GLENDALE — Ardashes “Ardy” Kassakhian has played a steady role in Glendale municipal governance and local politics for several decades. He now is in his fourth four-year term as Glendale City Clerk, and the motto on his website, appropriately, is “helping you navigate through city government.” He is the highest vote receiver among elected officials in Glendale.
Kassakhian was one of those fortunate people who became interested in their future professions at a young age. In fact, he said that his interest in public service goes back to his parents and grandparents. His mother, Loussik Kassakhian, whose family lived in Greece, was a public school teacher who only recently retired, while his father Dr. Garabed Kassakhian was an environmental chemist dedicated, according to his son, to insuring that there is clean air, water and soil on this earth. His grandparents and his parents were very involved in the cultural institutions of Jerusalem and Lebanon, including in the Armenian General Benevolent Union and the Ramgavar or Armenian Democratic Liberal Party, of whom one grandfather was a prominent leader. In addition, a great-grandfather was friends with the noted poet and activist Vahan Tekeyan.
Kassakhian personally began to become engaged in politics while in college. As a child, he moved a lot with his family, from Boston, where he was born, to Canada, to New Jersey, to Armenia and finally to Glendale. In all these places his parents were involved in local Armenian communities, and helped establish the Armenian church in Ottawa, Canada. Kassakhian remembers driving to New York as a child through the tunnels to go to the Armenian cathedral.

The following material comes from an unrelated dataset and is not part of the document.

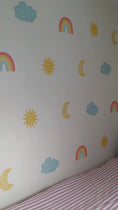 Load and play video in Gallery viewer, Sun, Moon & Rainbow Wall Stickers – Removable Fabric Weather Decals | 24 Piece Set
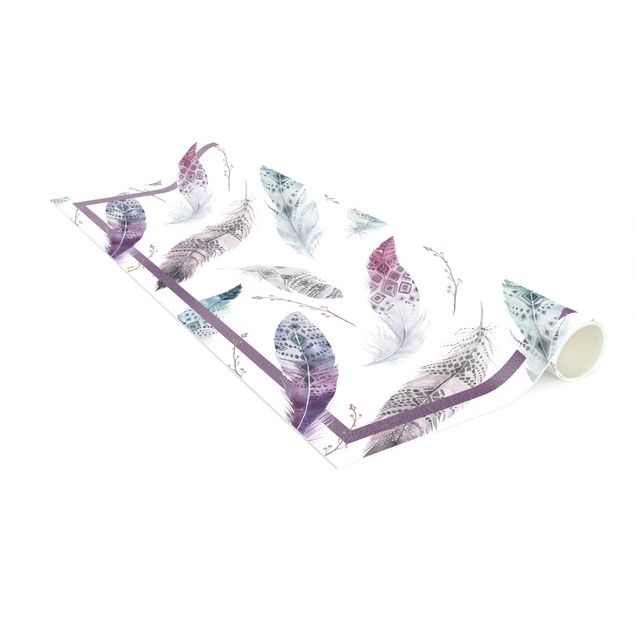 contemporary rugs Boho Watercolour Feathers In Aubergine And Petrol Colour With Frame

Despite all this, he did not really feel engaged, he said, until senior year at the University of California, Los Angeles (UCLA). He had become involved with the Armenian Student Association there and studied Armenian history, among other things. While he was president of the student association, in 1997, the Turkish government tried to establish a chair of Turkish and Ottoman studies at UCLA, as Prof. Stanford Shaw was about to retire.’
The problem, Kassakhian and others realized, was that the Turkish government would retain influence over the chair and thus a foothold in American academia. Consequently, he and other student activists protested, wrote to the newspapers and were quoted in some articles, and got members of congress involved. Ultimately, through the work of Prof. Richard Hovannisian and others, the UCLA History Department narrowly voted to relinquish the Turkish money and end the proposed relationship.
Kassakhian recalled, “That opened my eyes to how no one can avoid having politics touch them in some way or form.” Even today, he likes to quote Pericles (while noting that he too has partial Greek heritage), who said, “Just because you are not interested in politics does not mean that politics won’t take an interest in you.” The UCLA incident led him to an internship in Washington, DC with the Armenian Assembly of America at Rep. Frank Pallone’s office. He further studied and raised awareness of similar infiltration efforts of American academia by foreign governments.